蛍光ペンの悩み、ありませんか? 文字がにじむ、裏移りして資料が汚れる、引き終わりにインクだまりができる……Keptのハイライトテープはこれらをすべて解決してくれる道具です。

インクではなくテープタイプなのでにじみはゼロ。引き終わりもスッキリ、裏写りの心配もありません。
さらに驚いたのは「消しゴムで消せる(=剥がせる)」こと。テープを剥がしてから別の色でハイライトし直したり、上から文字を書くこともできるので、試し引きや色の重ね使いがとても楽です。1本で2色入っているタイプもあり、持ち物を少なくしたい方にも嬉しい設計。
<こんな人におすすめ>
- 資料を汚さずに強調したい人。
- 従来の蛍光ペンの滲みが気になる人
色味はマイルドで目立ち過ぎないので、仕事の資料でも使いやすいです。最初の一引きから「おっ」と感動しますよ。
5. うっかりチェッカー TODOキーホルダー
忘れ物ややることをつい後回しにしてしまうとき、事前準備が役に立つことがあります。ソニックの「うっかりチェッカー」はキーホルダー型のTODO道具。やることや持ち物を書き込んで、完了したら丸を切り替えて管理できるというシンプルさが魅力です。
本体は手のひらサイズで、ボールチェーン付きのものやシリコンカバーがついたタイプなどバリエーションがあります。元は子供むけの商品かなと思いますが大人向けに「ガス」や「まど」など実用的なシールも付属しているのがちょっと嬉しい気遣いです。
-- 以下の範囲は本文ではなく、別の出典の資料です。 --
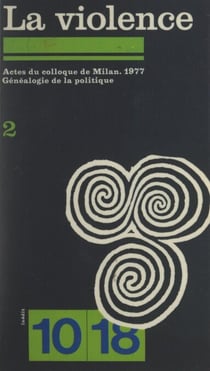 Généalogie de la politique (2) - Actes du Colloque de Milan, 1977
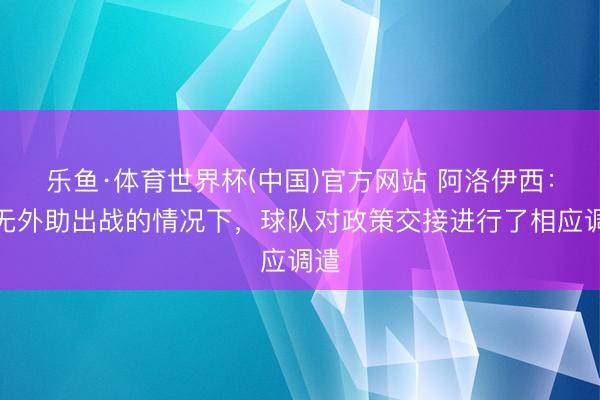 乐鱼·体育世界杯(中国)官方网站 阿洛伊西:在无外助出战的情况下,球队对政策交接进行了相应调遣
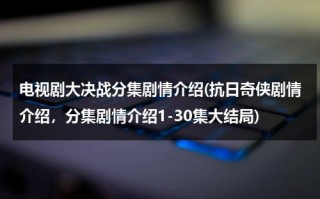 电视剧大决战分集剧情介绍(抗日奇侠剧情介绍，分集剧情介绍1-30集大结局)（电视连续剧大决战剧情介绍）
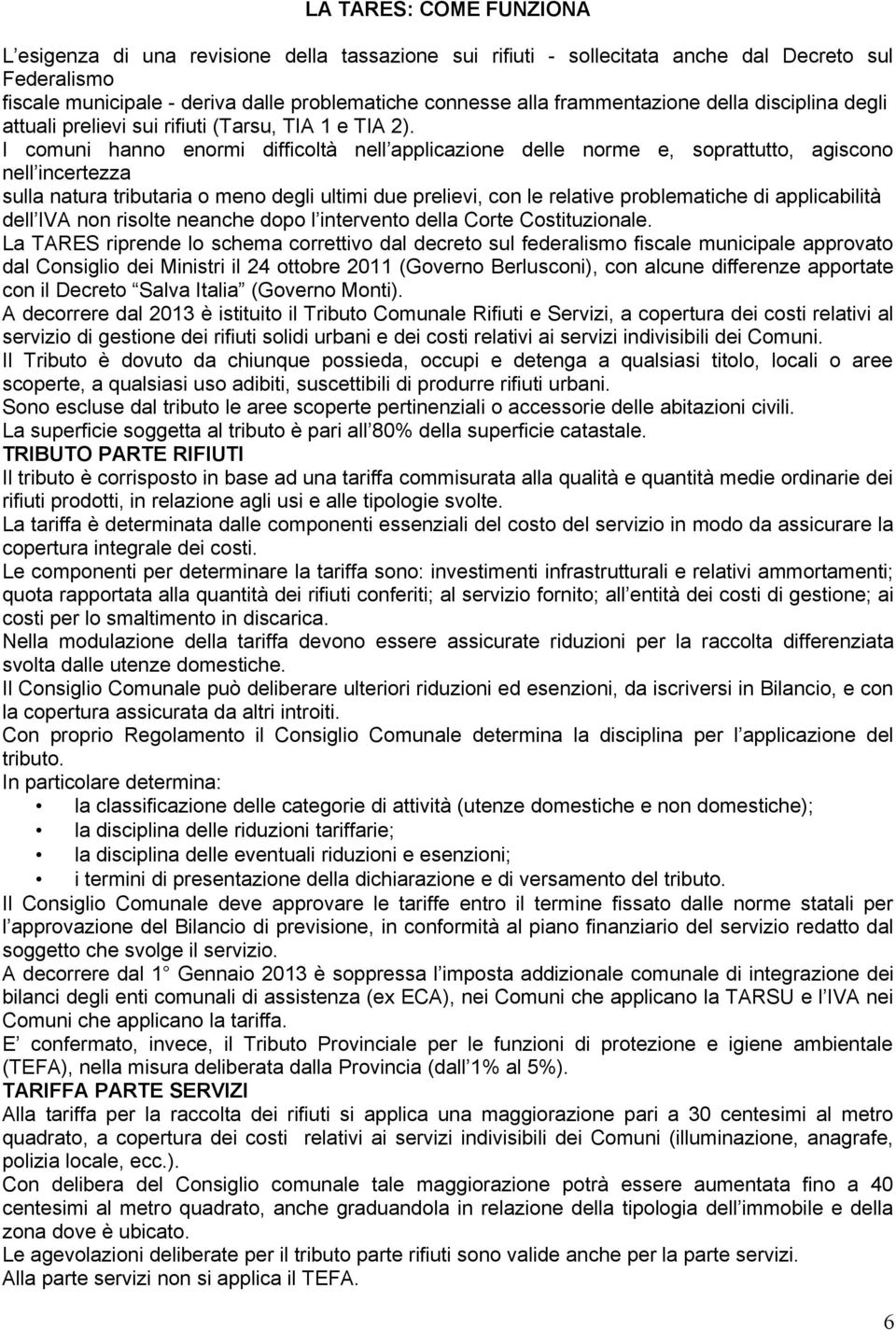 I comuni hanno enormi difficoltà nell applicazione delle norme e, soprattutto, agiscono nell incertezza sulla natura tributaria o meno degli ultimi due prelievi, con le relative problematiche di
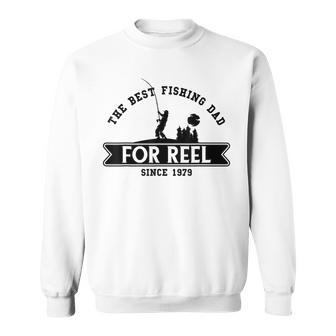Fathers Day The Best Fishing Dad For Reel Since 1979 Sweatshirt | Mazezy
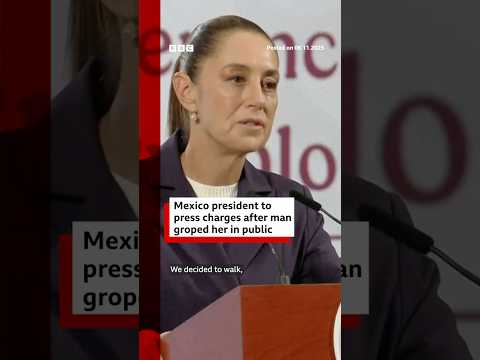 Mexico President Claudia Sheinbaum to press charges after man groped her on street. #BBCNews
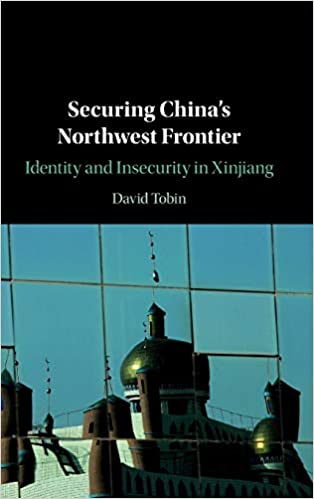 Securing China's Northwest Frontier: Identity and Insecurity in Xinjiang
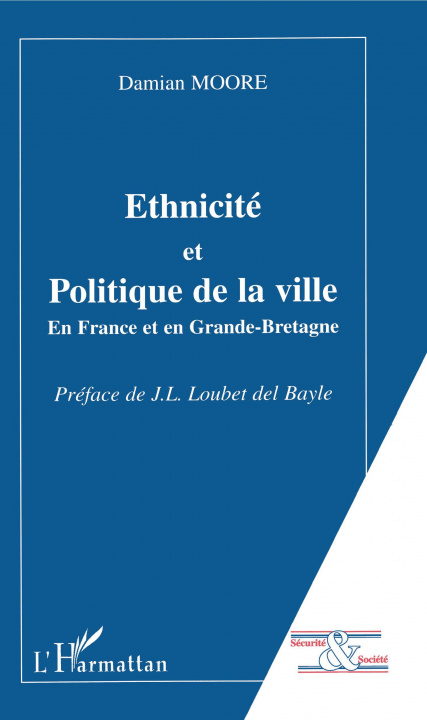 Könyv Ethnicité et politique de la ville 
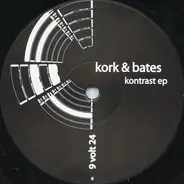 Alex Kork & Ascon Bates - Kontrast EP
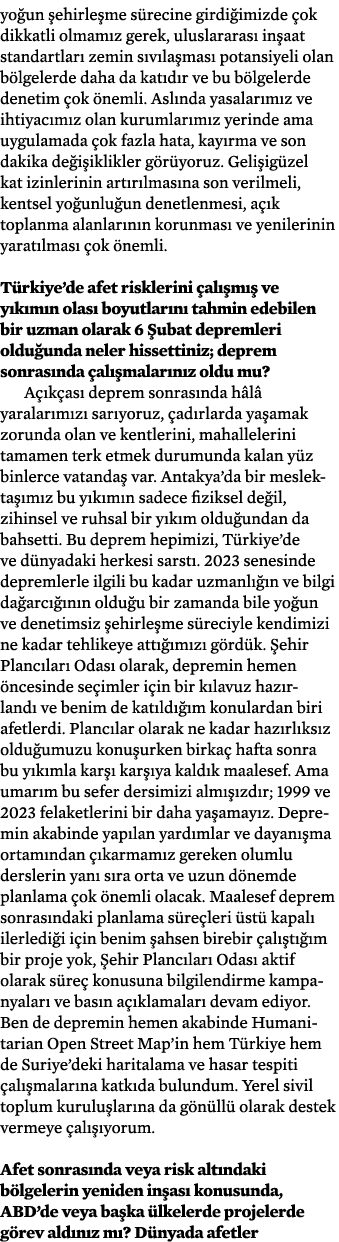 yo un ehirle me s recine girdi imizde  ok dikkatli olmam z gerek, uluslararas  in aat standartlar  zemin s v la mas ...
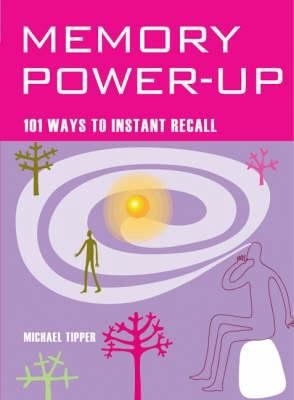 Memory Power Up: 101 Ways to Instant Recall (Mi... 1844833860 Book Cover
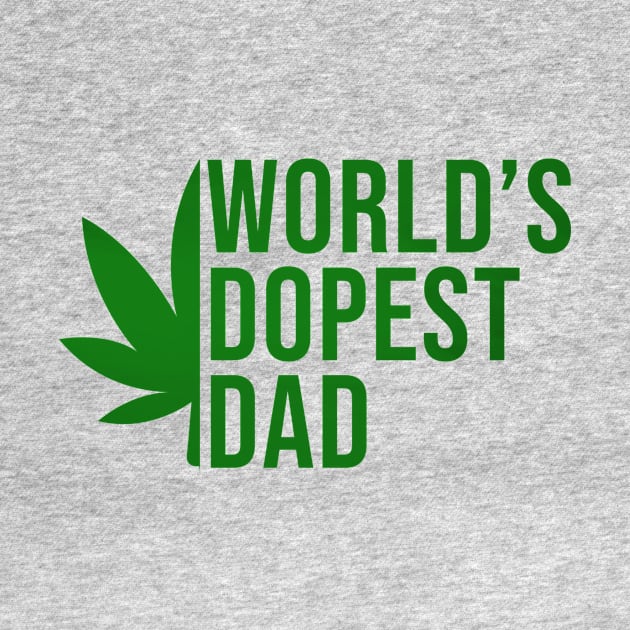 worlds dopest dad by Rishirt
ただし付属のシールは水性ペンに対応していないようで、私は擦って消えてしまった経験があります。そこで手軽にできる工夫として、水性ペン対応のマスキングテープを小さく切って貼り、そこに書き込む方法をおすすめします。
小さな進化が日常をより便利にしていく
どの文房具も「大きな革命」ではなく、日常のちょっとした不便をしっかり拾って改善してくれるものばかりでした。手間が減る、持ち運びやすくなる、誤操作が減る――そうした小さな進化が積み重なると、仕事や書き物のリズムが驚くほど良くなります。
私自身、仕事柄いろいろなペンやスタンプを試すことが多く、試し書き用の紙はきれいなノートだともったいないなと感じることがあります。そんなときに雑紙を活用してぱっとメモできる道具や、出先で資料を固定できる小さなクリップがあると本当に助かります。